1. This is a reference by the learned Additional Sessions Judge of Bahraich in a cage under Section 133, Criminal P. C. The recommendation is that the order of Sari Farhat Ali, Sub-Divisional Magistrate of Nanpara dated 16-4-1950 be set aside and the matter be dealt with according to law.

2. The facts are not in dispute. The learned Magistrate's predecessor, Shri J. N. Pradhan passed a preliminary order on 18-1-1950, on the complaint of Ram Cherey alias Ram Charan calling upon Baba Ram Priya DAS, opposite-party, to remove certain obstructions which, according to the evidence before the learned Magistrate, appeared to encroach upon a public pathway in village Rupaidith. He was given, in pursuance of the provisions of Clause (1) of Section 133, Criminal P. C., the option to appear before the Court on 27-1-1950, and to make a motion for setting aside or modifying the order, if he thought fit. On the date fixed, however, the notice was not returned to the Court after service and the case was adjourned to 8-2-1950. On that date service was held to be insufficient. The case was postponed to 20-2-1950, and the learned Magistrate gave elaborate directions in accordance with Section 134 (2) of the Code to the effect that if Ram Priya Das was not at his house and personal service could not be effected on him notice should be given by beat of drum and a copy thereof should be stuck on the gate of the premises of Baba Ram Priya Das and also at the place where the offending encroachments were made. The order was carried out in due course and the information contained in the notice was also conveyed to one Prabhu Das who was found on the premises and was a chela, of Baba Ram Priya Das. Notwithstanding all this, no one appeared on 20-2-1950, to show cause on behalf of the opposite party. Shri Pradhan, therefore, made the order absolute and gave a warning that if the unlawful encroachments were not removed by 1-3-1950, Baba Ram Priya Das would render himself liable to prosecution under Section 188, Penal Code. On 27-2-1950, the opposite party presented himself in Court and filed objections against the final orders. He alleged that he was not personally served with notice, that Ram Cherey was aware that he was living in Ajudhia, that he had no knowledge of the proceedings till 26-2-1950, that he had not made the alleged encroachments, that the laud belonged to the temple and that if it be established that the constructions complained of constituted obstructions to any public pathway the responsibility therefor rested on some other persons.

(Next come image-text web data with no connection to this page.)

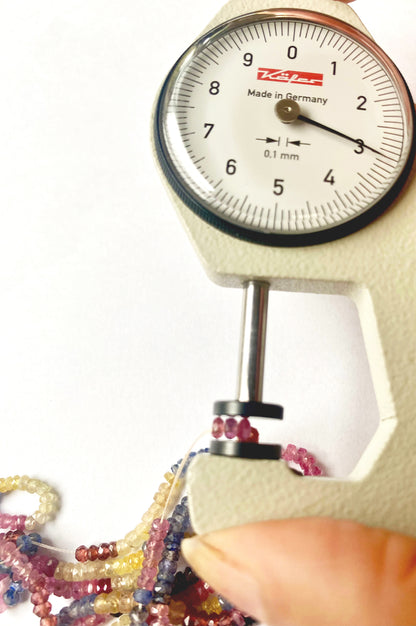 A dial gauge measures the Multi Precious faceted rondelle 2.8mm gemstone.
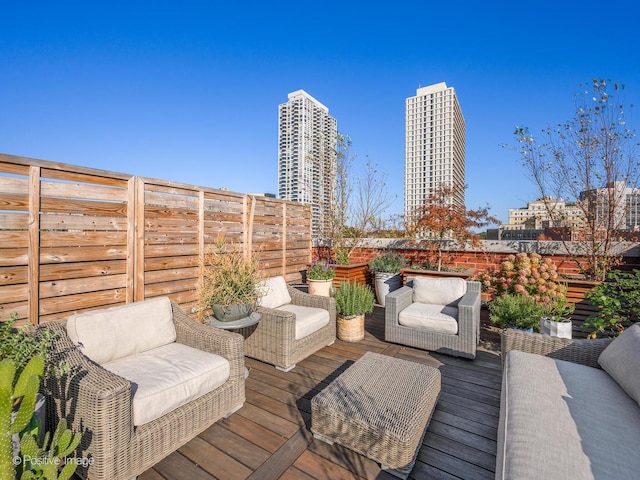 wooden terrace with a fenced backyard and outdoor lounge area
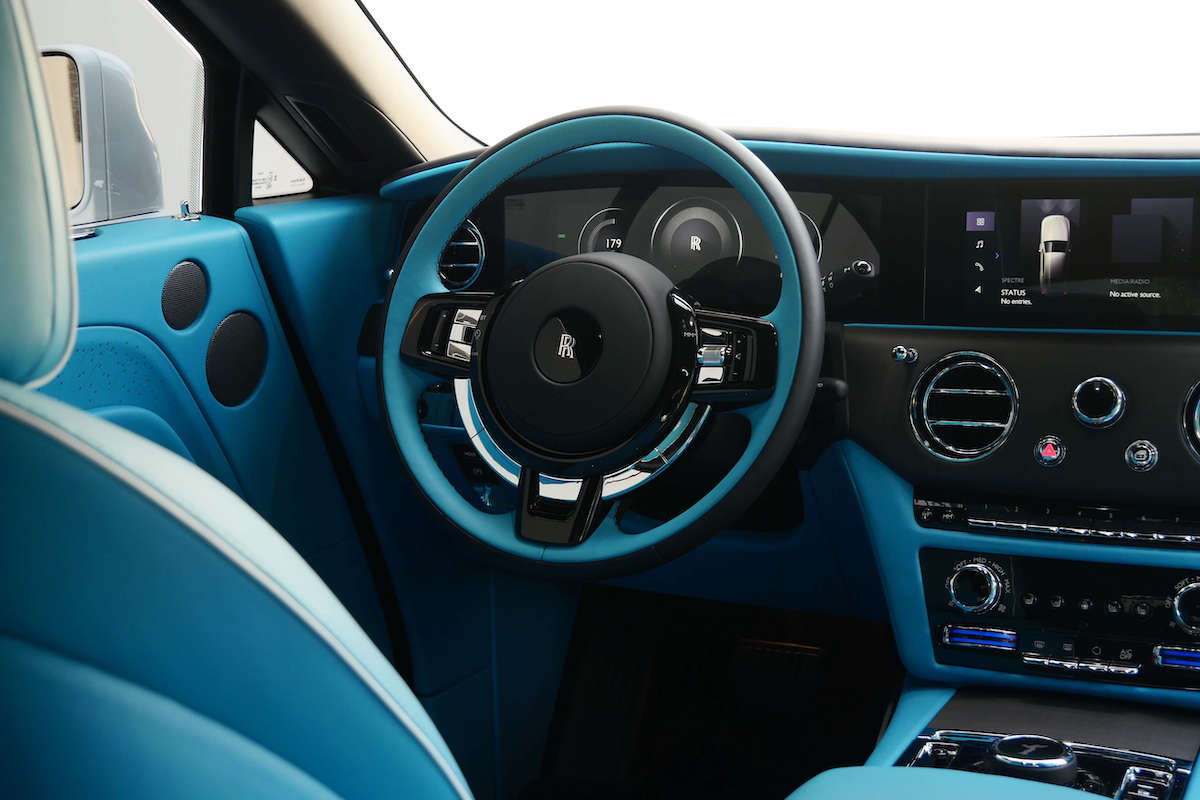 Turquoise steering wheel and dash of the Spectre with the digital gauges and the center screen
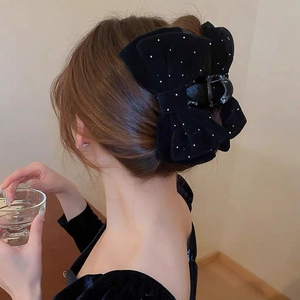 Elegant black velvet bow hair claw clip with rhinestones shown on model from the back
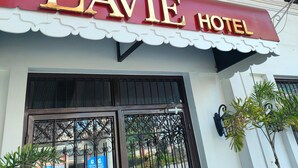 Exterior do LAVIE HOTEL com uma placa vermelha e dourada chamativa, cornija decorativa e janelas com grades.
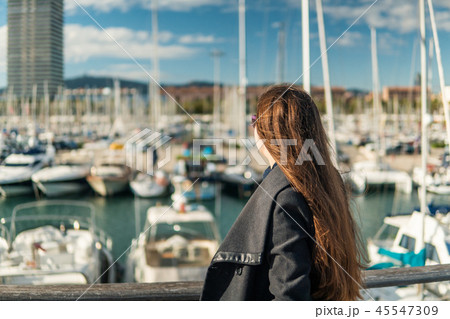 Businesswoman in sunglasses walking with a lot of yachts 45547309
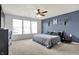 Spacious main bedroom features a large window and a stylish accent wall at 6827 Fallen Leaf Dr, Whitestown, IN 46075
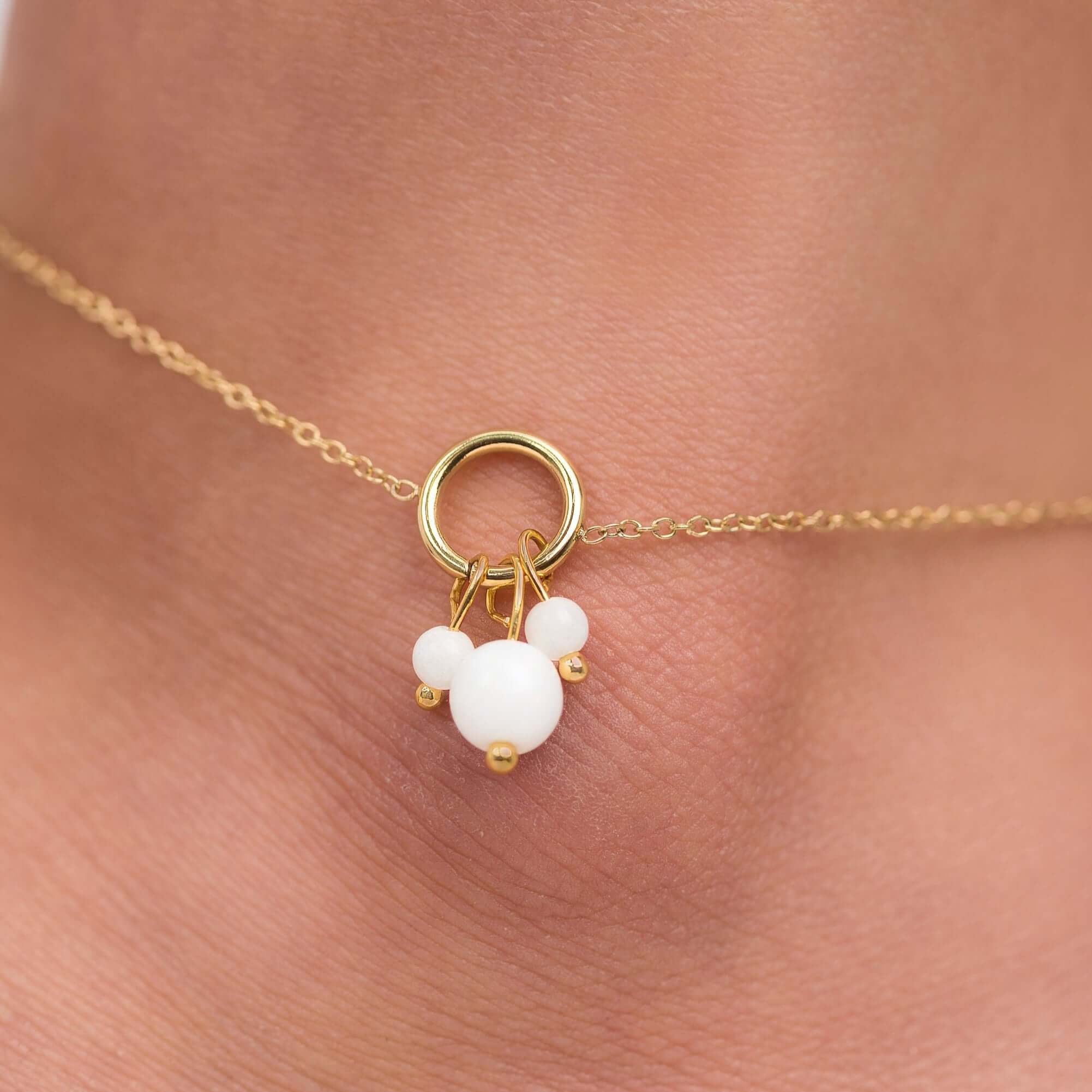 Close-up of a delicate gold-plated anklet featuring pearl-like charms, showcasing elegance and femininity.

3. The objections came up on 16-4-1950, before Shri Farhat Ali, who had meanwhile succeeded Shri Pradhan. Baba Ram Priya Das somehow persuaded Shri Farhat Ali to reopen the matter and to hold that the pathway was not a public way and that the so called constructions existed on Babaji's own land. The learned Magistrate came to the conclusion that no action could be taken against Baba Ram Priya Das but he nevertheless passed the following order:

'I find that Ram Cherey's house is virtually cut off from the rest of the village if the path is closed to him. . . . . . Baba Priya Das will, therefore, . . . allow carts brought by Ram Cherey to pass through it. The carts will be required by Ram Cherey only now and then and he will not unnecessarily harass Babaji by bringing carts to his house daily.'

4. Dissatisfied with the aforesaid order, the complainant went up to the Court of the Additional Sessions Judge Bahraich, in revision. The learned Judge is of opinion that Shri Pradhan's successor had no jurisdiction to cancel or modify his order of 20-2-1950, and that the subsequent order should, therefore, be set aside. Hence the reference.

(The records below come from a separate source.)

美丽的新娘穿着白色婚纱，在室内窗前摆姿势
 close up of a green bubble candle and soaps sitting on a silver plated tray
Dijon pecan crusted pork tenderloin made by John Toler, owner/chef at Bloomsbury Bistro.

5. There can be no doubt that if a Magistrate empowered to make an order under Section 133, Criminal P. C., follows the procedure prescribed by that section and Section 134 and the person against whom the preliminary order was made does not perform, within the time and the manner specified any act directed thereby or appear in accordance with such order and show cause against it or apply to the Magistrate to appoint a jury to try whether the order was reasonable or proper, it would be presumed that the order was correctly made and the provisions of Section 369 of the Code would thereafter come into play. That section provides that save as otherwise provided by Criminal P. C., or by any other law for the time being in force, no subordinate Court when it has signed its judgment shall alter or review the same except to correct a clerical error. This is because after a case has been finally disposed of, a Court in the absence of any statutory provision in that behalf ceases to have any further jurisdiction over the matter. It follows that a fresh application in respect of the subject-matter of the prior adjudication cannot be entertained and the previous order could not be reconsidered. The word 'judgment' includes the decision of the Court trying the case and it is not possible to hold that the prohibition does not apply to the final order passed by Shri Pradhan under Section 136, Criminal P. C. The contention urged before Mr. Farhat Ali on behalf of the objector, as shown by his objections, was that the case ought not to have been decided under Section 136 in view of the fact that personal notice was not effected on him. He purported in other words to show sufficient cause for his absence on 20-2-1950. The law laid down in Chap. X of Criminal P. C., does not contemplate the setting aside of the previous order if the procedure for service prescribed by Section 134 is followed. The question as to whether personal service on the opposite patty is or is not possible in a given case is not one which can be agitated in the trial Court after the disposal of the case and the discretion exercised by one Magistrate cannot be made the subject-matter of objections before his successor.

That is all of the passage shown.